The first matter the Court must decide is what type of verdict the jury returned. This dis tinction matters because it affects the applicable law and whether waiver applies. Indeed, in a case where a party “argue[d] the jury had to rely on differing claim constructions for infringement and invalidity to reach its invalidity and noninfringement decisions,” the Federal Circuit, applying Fifth Circuit law, decided it was necessary to categorize the verdict as general or special to answer the waiver question. See Function Media, L.L.C. v. Google, Inc., 708 F.3d 1310, 1327-30 (Fed. Cir. 2013).

Two points about this case. First, it is not actually clear whether a Fed.R.Civ.P. 49 motion is the proper procedural vehicle to raise an inconsistent claim construction argument, especially when Fed.R.Civ.P. 50(b) and 59 exist. Certainly, it is not the ideal vehicle, especially considering that Rule 49 arguments should be made after the jury's verdict but while the jury is still empaneled, thereby delaying their dismissal. But this argument does not appear to have been raised in Function Media. And since the Federal Circuit proceeded in the manner it did, this Court will do so as well. Second, Motion Offense argues that Function Media cannot trump Fifth Circuit precedent, especially including the subsequent guidance in Team Contractors, L.L.C. v. Waypoint Nola, L.L.C., 976 F.3d 509 (5th Cir. 2020). ECF No. 421 at 3. Be that as it may, the Court cannot ignore Function Media either, especially when the appellant made the exact same type of argument Motion Offense is making. This Court will leave to the Federal Circuit the prerogative of reconsidering Function Media's continuing viability in light of Team Contractors.

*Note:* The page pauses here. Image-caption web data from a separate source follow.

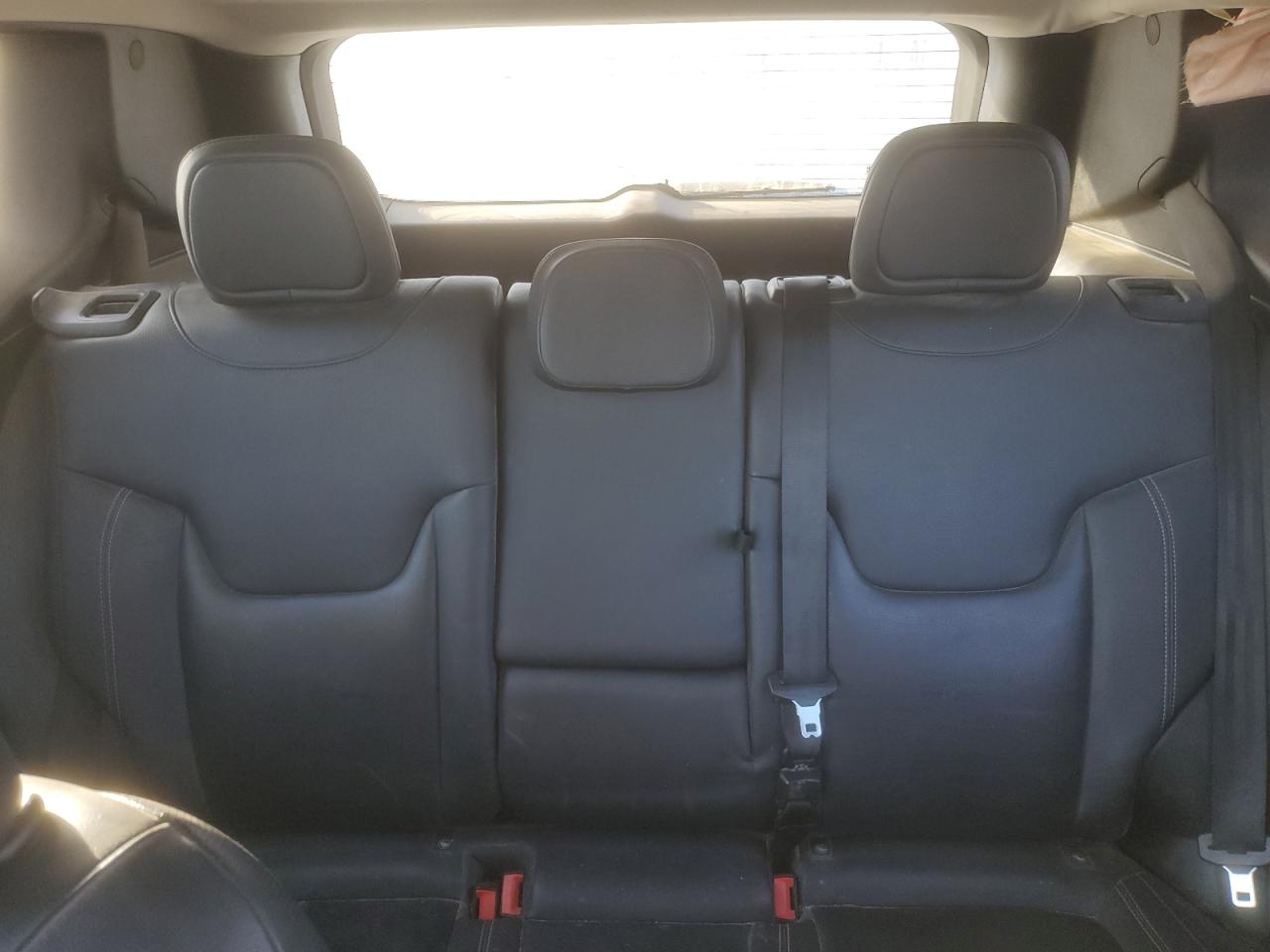 2016 Jeep Renegade - Image 10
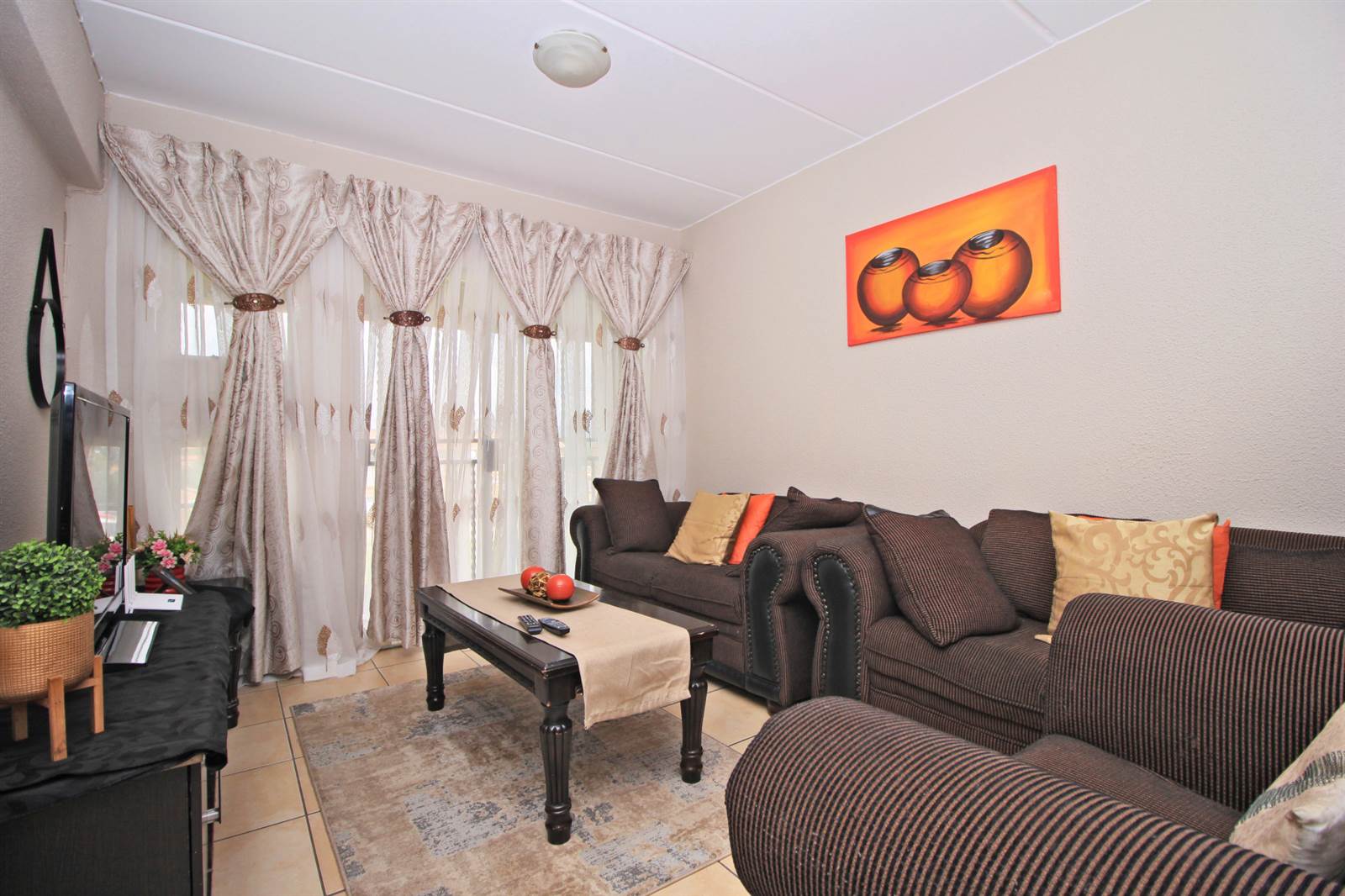 2 Bed Apartment in Honeydew photo number 5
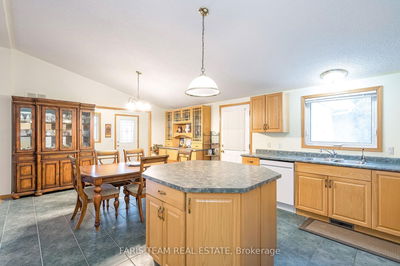 2 St James Pl, Wasaga Beach - Wasaga Beach image-0-3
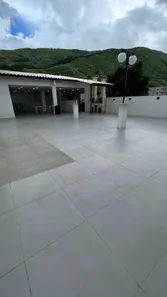 Galpão/Depósito/Armazém para alugar, 200m² no Joana D'Arc, Nova Iguaçu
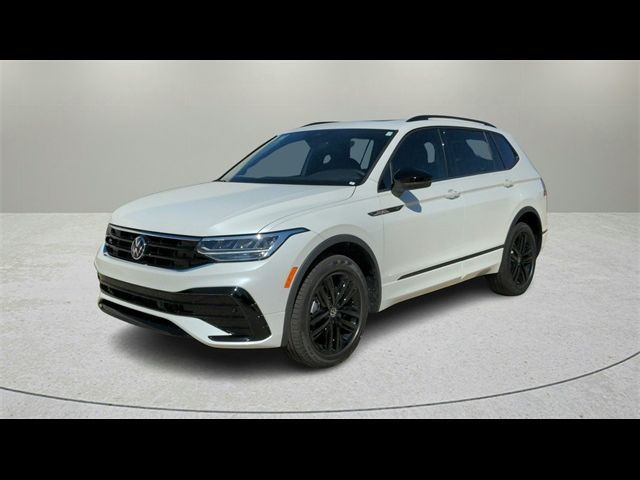 2022 Volkswagen Tiguan SE R-Line Black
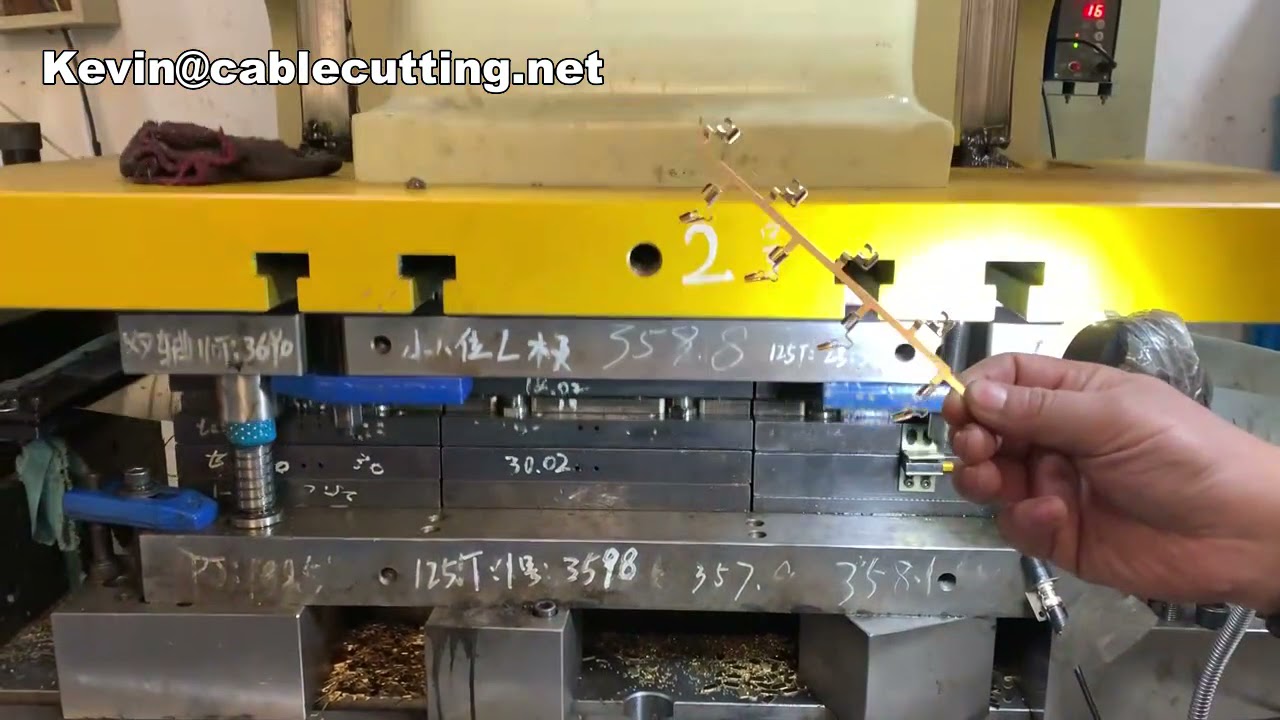 Máy Ép Chèn Phích Cắm 16A Rắn & Rỗng - Dây Chuyền Sản Xuất Phích Cắm Châu Âu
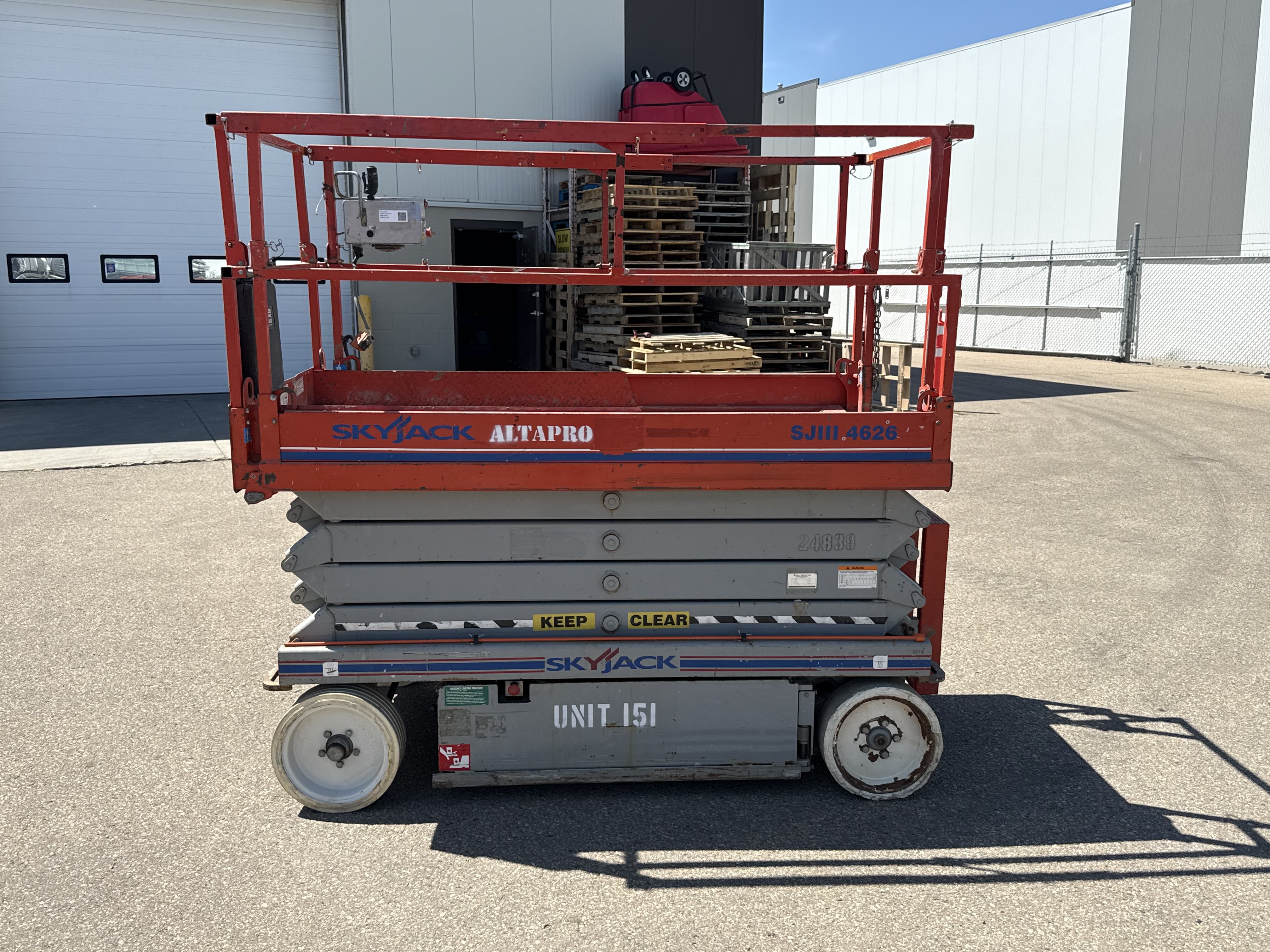 2005 SKYJACK SJIII4626 Electric Scissor Lift - Image 5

“[T]he very concept of ‘general' and ‘special verdicts' is an arcane one, and is very difficult to apply to current practice. That such an outdated distinction makes the difference between an entry of a judgment on an otherwise inconsistent verdict being permitted or prohibited is strange, to say the least.” Richard's Paint & Body Shop, LLC v. BASF Corp., No. A-11-CA-560 AWA, 2012 WL 5399059, at *2 n.3 (W.D. Tex. Nov. 5, 2012). To draw this arcane distinction, the parties point to different cases. The Court will describe them before turning to their impact on the resolution of this dispute.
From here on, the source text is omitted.